早良親王は、藤原種継暗殺事件に連座して失脚した。延暦4(784)年10月に早良親王が亡くなった後、安殿(あて)親王(後の平城天皇)が皇太子になった。早良皇太子の春宮の場所ははっきりしていないが、第二次内裏南方(向日市上植野町南開)で「春宮」と記す墨書土器が出土し、この付近に所在地をあてる見解もあるが確定していない。

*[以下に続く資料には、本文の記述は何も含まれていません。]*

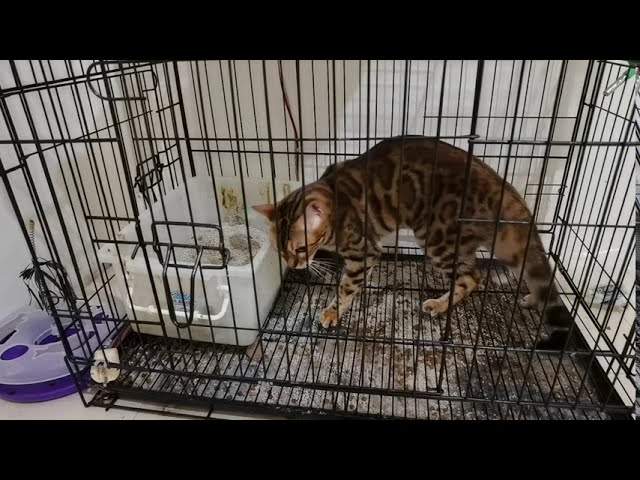 Suara Kucing Bengal Minta Kawin (BIRAHI BERAT) Panggil Kucing Jantan On FIRE ! class=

安殿親王については、春宮坊関連資料が第二次内裏北東(鶏冠井町東井戸)で確認されている。発掘調査では、宮域の東を画する東一坊大路西側溝が確認され、大量の木簡、墨書土器、食器の他、宝物類に使われた琥珀、鼈甲(べっこう)、象牙、鉱物類が出土した。木簡の年代、「春宮坊」木簡等から、安殿親王の春宮坊に関わる資料と判明した。宝物を保管する主蔵監(しゅぞうげん)、木工、土工、金属器の製造・修理に関わる主工署(しゅこうしょ)の存在が考古学的に明らかになった。